Single by Alice Cooper

from the album Welcome to My Nightmare
- B-side: "Cold Ethyl" (UK) "Some Folks" (US)
- Released: February 1975 (UK) August 1975 (US);
- Genre: Hard rock
- Length: 2:50
- Label: Atlantic Records 3280
- Songwriter(s): Alice Cooper, Dick Wagner, Bob Ezrin
- Producer(s): Bob Ezrin

Alice Cooper singles chronology
| "Only Women Bleed" (1975) | "Department of Youth" (1975) | "Welcome to My Nightmare" (1975) |

= Department of Youth (song) =

"Department of Youth" is a song by rock musician Alice Cooper featured on his Welcome to My Nightmare album. The song peaked at No. 67 on The Billboard Hot 100.

==Reception==
Creem said the song, "is a second cousin to "School's Out" with a chorus of child-things sounding like Cooper's dead babies resurrected to sing back-up vocals." NME agreed it was, "School's Out" all over again, complete with demented kiddie choir and watered-down Clockwork Orange braggadoccio."

Melody Maker wrote, "This is typical, a heavy metal Marc Bolan. It's gritty and gruesome, but underneath the yells and screaming arrangement, it's really just a simple, catchy pop song. Don't analyse it, just bop as Alice screeches his way up the chart."
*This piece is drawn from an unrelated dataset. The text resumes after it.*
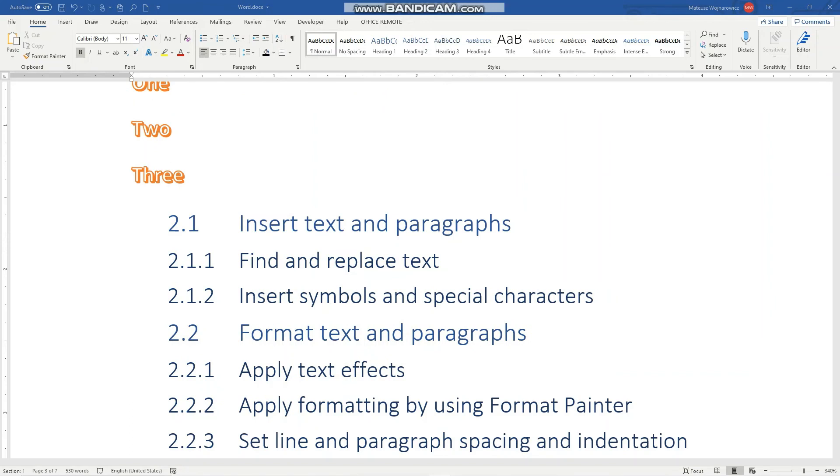That's all concerning applying text effects and copying their format using Format Painter. I hope you find it useful. If so, smash that like button, and we'll catch you guys in the next video. Bye!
Record World said that "the supreme spokesman for angry young men everywhere is even more vital and exciting here."

==Charts==
===Weekly charts===

| Chart (1975) | Peak position |
|---|---|
| Australia (Kent Music Report) | 7 |
| U.S. (Billboard 100) | 67 |

===Year-end charts===

| Chart (1975) | Peak position |
|---|---|
| Australia (Kent Music Report) | 35 |

==Notable covers==
Pretty Boy Floyd covered the song on their album, Porn Stars.